(Task details): Write the listing out again word for word, excluding any pictures.

(Data provided):
=======

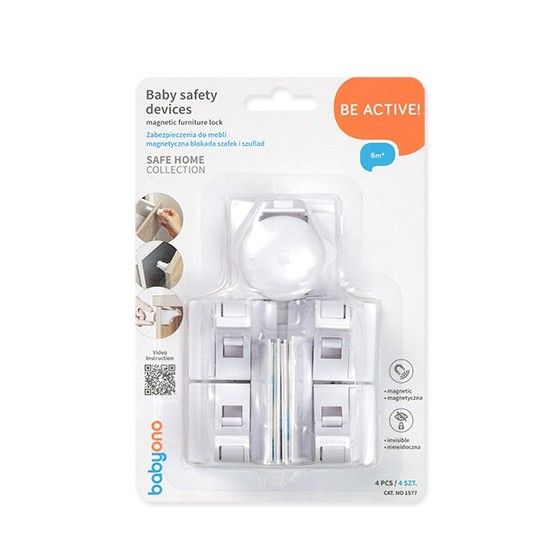BABYONO Sicurezza per mobili. Blocco di bloccaggio magnetico e cassetti 4 pezzi.
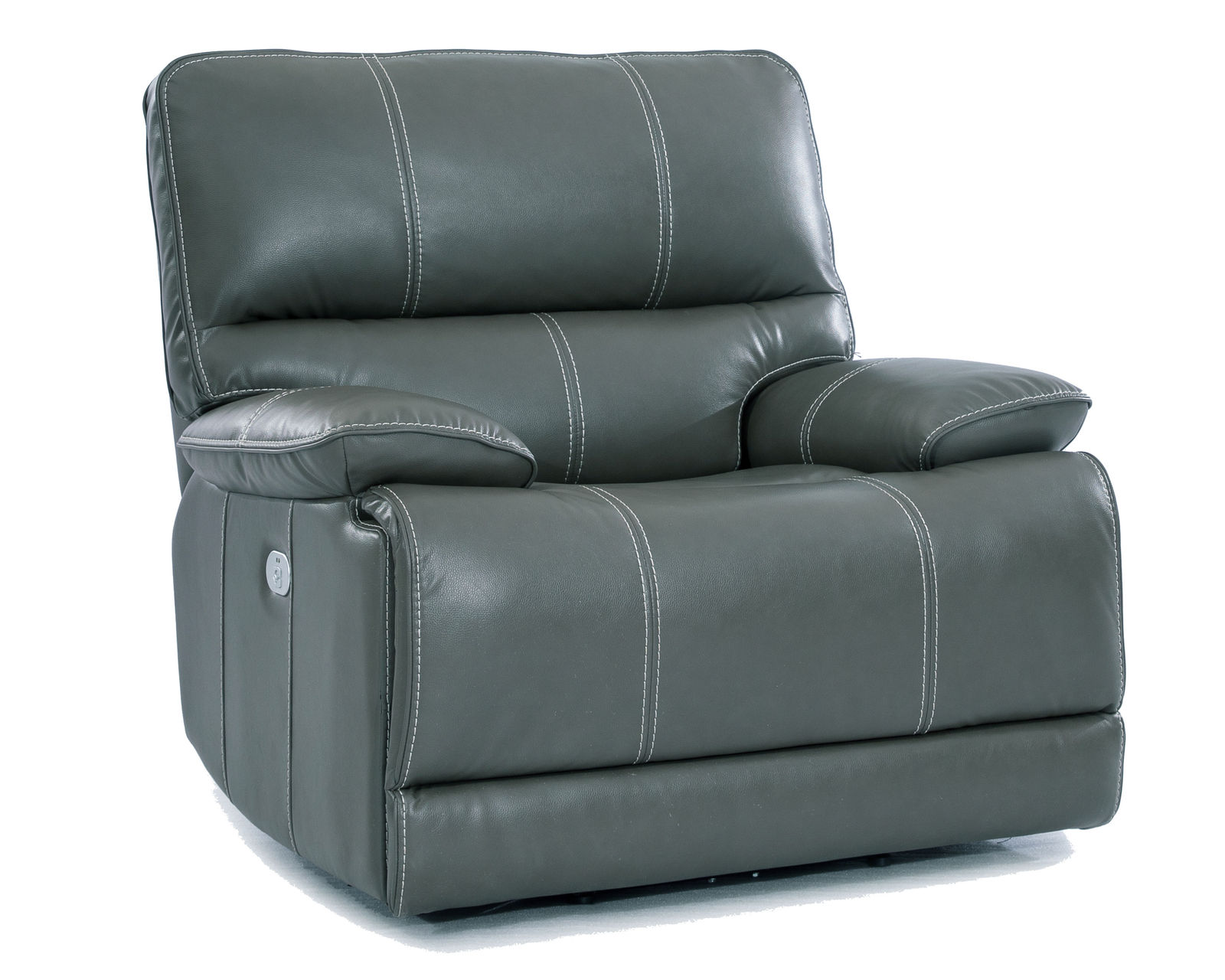 Shelby  Power Headrest Power Reclining Sectional in Cabrera Azure (Faux Leather) - Shelby Power Headrest Power Recliner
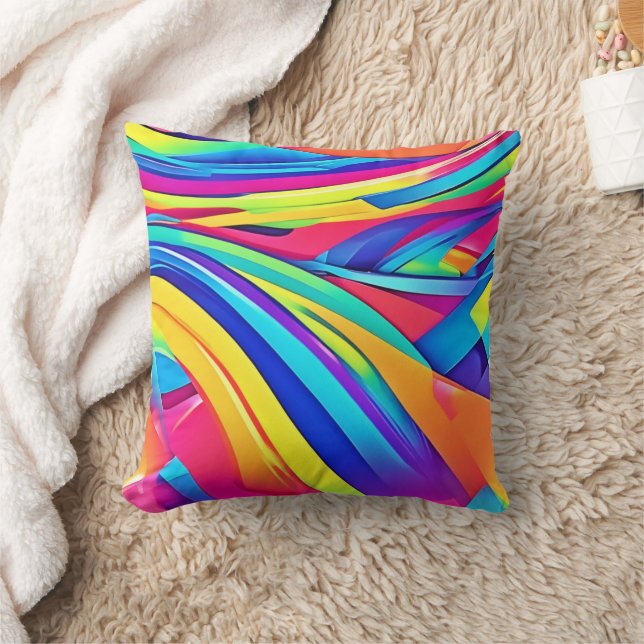 Vibrant Abstract Colour Wave Art Throw Pillow (Blanket)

=======

(Solution):
BABYONO Sicurezza per mobili. Blocco di bloccaggio magnetico e cassetti 4 pezzi.
 Shelby  Power Headrest Power Reclining Sectional in Cabrera Azure (Faux Leather) - Shelby Power Headrest Power Recliner
 Vibrant Abstract Colour Wave Art Throw Pillow (Blanket)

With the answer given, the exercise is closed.